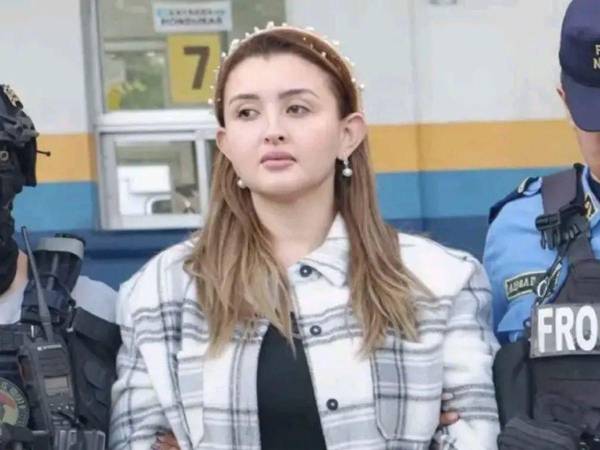 Mónica Lucía Hernández Castillo era la identidad que utilizaba Yosary Yasmin Valle, perfil que le permitió portar documentación guatemalteca.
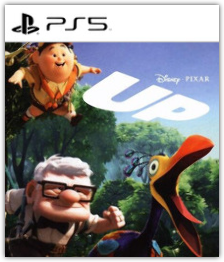 Disney•Pixar Up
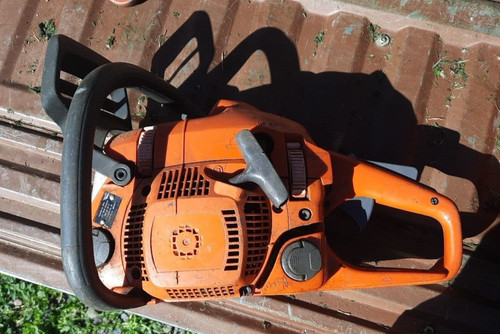 Husqvarna 435e ii - ,
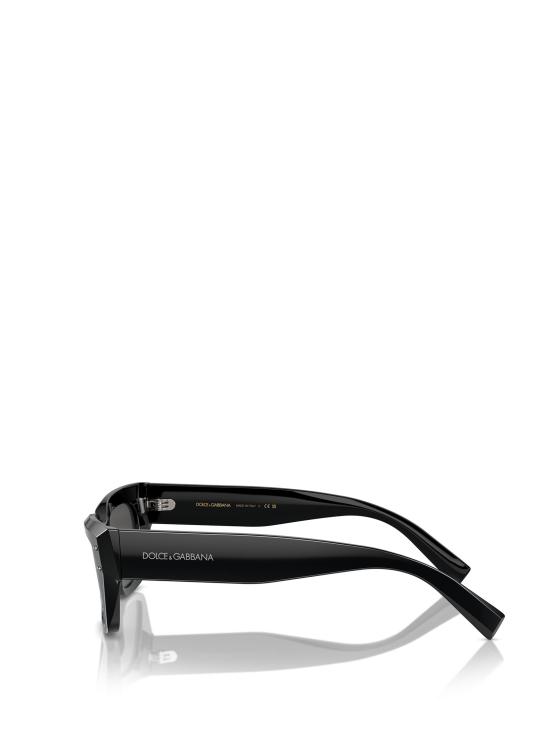 26FW 돌체앤가바나 선글라스 DG4462 501 87 BLACK - DOLCE & GABBANA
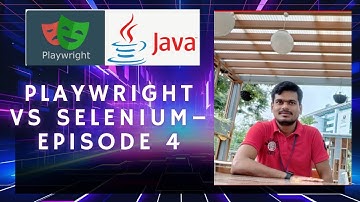 Playwright vs Selenium | Modern Test Automation Framework Showdown 2025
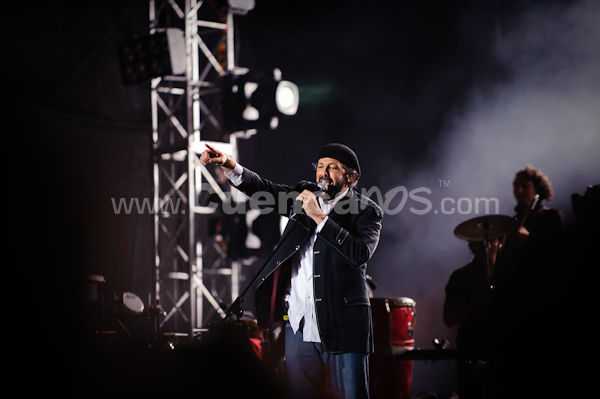 Juan Luis Guerra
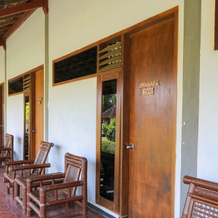 Hotel Raung View by OYO Rooms, 卡利巴鲁 — 照片 4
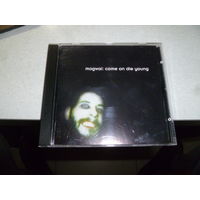 MORGWI - COME ON DIE YOUNG -1999 -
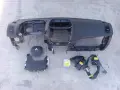 Арматурно табло с аербег Митсубиши АСХ / Mitsubishi ASX airbeg, снимка 1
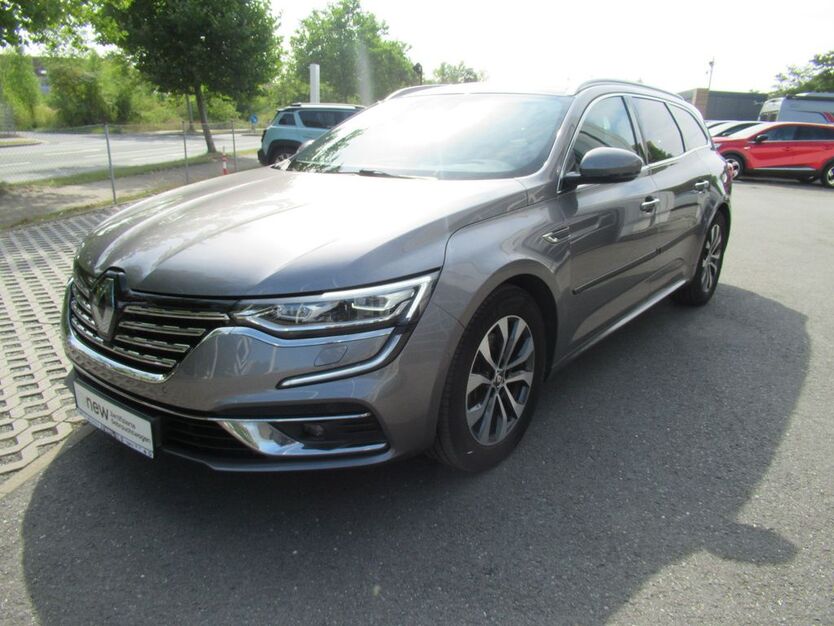 Renault Talisman 39.899 km 25.980 € Riesa 01587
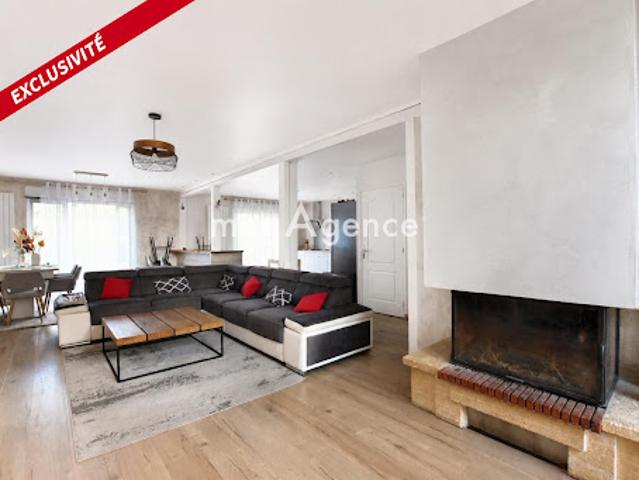 Maison vente à Saint-Étienne, La Ricamarie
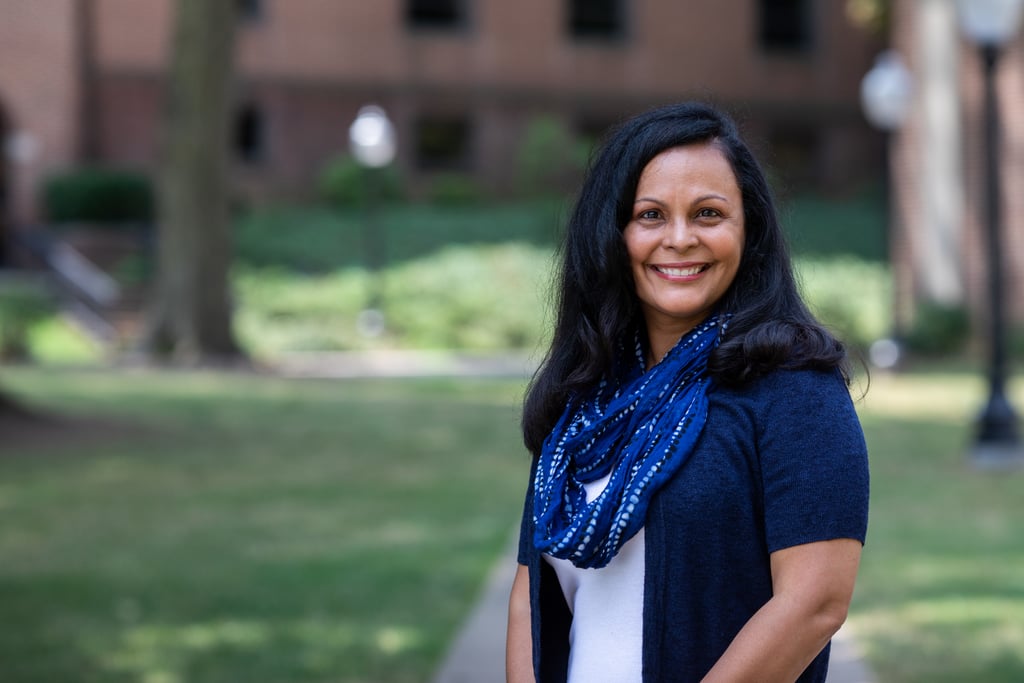 Janet Diaz, PA State Senate, District 13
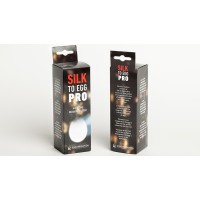 Silk To Egg Pro by Joao Miranda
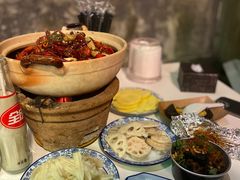 -文和友老长沙龙虾馆(化龙池店)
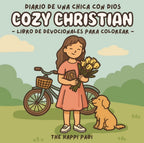 COZY CHRISTIAN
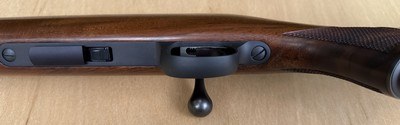 Cooper 57M 22LR NICE UIB - Image 9 of 15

____

EXERCISE PROMPT —
Make an exact copy of only those lines that run from the line with "Арматурно табло с" through the end of the records, excluding pictures.

RESPONSE TO THIS EXERCISE —
 Арматурно табло с аербег Митсубиши АСХ / Mitsubishi ASX airbeg, снимка 1
 Renault Talisman 39.899 km 25.980 € Riesa 01587
 Maison vente à Saint-Étienne, La Ricamarie
 Janet Diaz, PA State Senate, District 13
 Silk To Egg Pro by Joao Miranda
 -文和友老长沙龙虾馆(化龙池店)
 COZY CHRISTIAN
 Cooper 57M 22LR NICE UIB - Image 9 of 15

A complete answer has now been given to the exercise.